As inundações devastadoras na Europa Central foram agravadas pelas mudanças climáticas e oferecem uma visão sombria do futuro do continente que mais aquece no mundo, dizem os cientistas.
A tempestade Boris devastou países como Polônia, República Tcheca, Romênia, Áustria e Itália, causando pelo menos 24 mortes e bilhões de libras em danos.
O grupo World Weather Attribution (WWA) disse que um período recente de quatro dias foi o mais chuvoso já registrado na Europa Central — uma intensidade duas vezes mais provável devido às mudanças climáticas.

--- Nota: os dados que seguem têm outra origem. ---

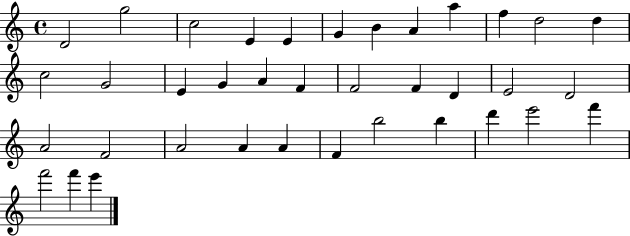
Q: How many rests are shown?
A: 0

Em um aspecto positivo, a tempestade foi bem prevista, o que significa que algumas regiões estavam mais bem preparadas para ela, provavelmente evitando mais mortes.
Cientistas da WWA calculam o papel que a mudança climática teve em um evento climático extremo comparando-o com um modelo de quão ruim aquela tempestade, seca ou onda de calor poderia ter sido em um mundo onde os humanos não queimassem combustíveis fósseis por quase 200 anos.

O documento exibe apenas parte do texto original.